In response to militant rocket fire from the Palestinian enclave, Israel began airstrikes on Gaza on Friday. Tensions had increased following the deadliest army assault on the occupied West Bank in years.
Following waves of rocket fire toward southern Israel, Israel claimed to have conducted at least two rounds of strikes on Hamas.
Both sides reported no injuries, and Israel’s air defense system successfully stopped the majority of the Gaza rockets.
No Gaza-based Palestinian organization has claimed responsibility for the rocket attacks, but both Hamas and Islamic Jihad had threatened to retaliate for a West Bank Israeli raid that day that took nine lives.
Another Palestinian was killed Thursday by Israeli fire in separate West Bank unrest near Ramallah.
The bloodiest day in the West Bank in years erupted during a raid on the crowded refugee camp in the northern city of Jenin, where gunshots rang through the streets and smoke billowed from burning barricades.

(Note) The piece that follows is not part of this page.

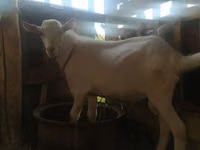 Cabra, Saanen goat — foto 5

The military claimed that during a “counterterrorism operation to capture an Islamic Jihad terror squad,” Israeli forces came under fire and shot a number of enemy combatants.
The United Nations has never recorded such a high death toll in a single operation in the West Bank since its records started in 2005.
The Palestinian Authority announced it was halting security coordination with Israel in response to the violence, a decision that was criticized by the US.
Majeda Obeid, 61, who resided a few meters from the home the Israeli forces attacked, was one of the Jenin residents whose deaths were officially confirmed.
Her daughter, Kefiyat Obeid, told AFP her mother was shot as she peered out her window at the clashes.
“After she finished her prayers, she stopped for a moment to look and, as she stood up, she was hit in the neck by a bullet and she fell against the wall and then to the floor,” the 26-year-old told AFP, as bloodstains soaked into the rug of their home.